Despite a rather accident-prone year, the 73 year-old Harrison Ford is chugging along nicely, stoking plenty of fan excitement with his surreal reprisal of Han Solo in the upcoming Star Wars: Episode VII: The Force Awakens. Unfortunately for director J.J. Abrams, who tried to help Ford after his on-set leg injury last year, he got a firsthand lesson about the ironic dangers of grace-deprived good intentions when he suffered an injury of his own.

Appearing last night on The Daily Show with Jon Stewart, Abrams was detracted from his intended capacity as a producer on Mission: Impossible – Rogue Nation to promote said movie, when the Star Wars fanboy in Stewart shifted topic. While remaining mum on any substantive details, the conversation lead Abrams into a rather interesting anecdote about Ford’s real-life innate baddassery. According to Abrams:

The guy is like a real-life superhero. He should have the Marvel logo above his name.

Abrams further explained that he was actually on hand on The Force Awakens set last year at the time Ford suffered a gruesome injury in which a hydraulic-powered door trapped, broke and twisted his ankle 90 degrees. Ford was apparently lying on the floor calm, even cracking jokes, despite the horrendous circumstances. Yet Abrams, not afraid to roll up his sleeves and pitch in to the manual labor-intensive effort of lifting the downed door, ended up providing substantive proof to the saying, "no good deed goes unpunished" when he felt an ominous pop in his back.

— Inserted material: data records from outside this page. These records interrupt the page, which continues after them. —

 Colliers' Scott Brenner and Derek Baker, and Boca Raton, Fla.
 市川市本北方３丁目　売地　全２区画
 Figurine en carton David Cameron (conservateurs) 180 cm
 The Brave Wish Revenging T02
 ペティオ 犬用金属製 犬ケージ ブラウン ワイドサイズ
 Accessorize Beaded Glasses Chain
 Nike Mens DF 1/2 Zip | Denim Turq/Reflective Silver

A doctor visit a few days later revealed that the "pop" in question was actually attributed to the sound of the director’s strained L4 breaking. Possibly not wanting to further stoke the circus of media speculation regarding the status of The Force Awakens that erupted after Ford’s injury was made public, Abrams kept his own injury on the down-low, secretly wearing a back-brace underneath his clothes for months. However, in an insanely ironic moment a few months after the incident(s), Harrison Ford arrived back on the set, spry as ever, sprinting across the stage to a still-injured Abrams in a way he describes as "faster than I will ever run." As Abrams describes this moment before going into his best Woody Allen impression:

I felt like the most nebbishy Jewish director ever. He’s a Miracle Man, and I’m like, ‘Excuse me, Mr. Darth Vader, could you be more evil?'"

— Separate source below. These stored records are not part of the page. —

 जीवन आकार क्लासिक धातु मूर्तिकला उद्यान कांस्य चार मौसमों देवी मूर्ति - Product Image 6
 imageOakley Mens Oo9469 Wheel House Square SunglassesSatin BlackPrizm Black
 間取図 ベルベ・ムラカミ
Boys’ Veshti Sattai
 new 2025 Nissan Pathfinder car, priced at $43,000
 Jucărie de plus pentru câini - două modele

As much as it sounds like some type of Chuck Norris-esque, meme-centric hyperbole, the almost comical constitution of Harrison Ford has been proven to be genuine after having not only come back quickly from a ghastly ankle injury, but later experiencing a crash landing of the single-engine plane he was piloting in March. Apparently even that horrendous incident was not enough to keep Ford down for the count long, as he recovered quickly and even showed up at Comic-Con a few short months later no worse for wear.

For J.J. Abrams, however, it seems that even basking in that badassery resulted in a residual rampage of misfortune that broke his back. Thankfully, he can at least hold his head high that it didn’t stop him from completing The Force Awakens, as it readies it highly-anticipated release on December 18.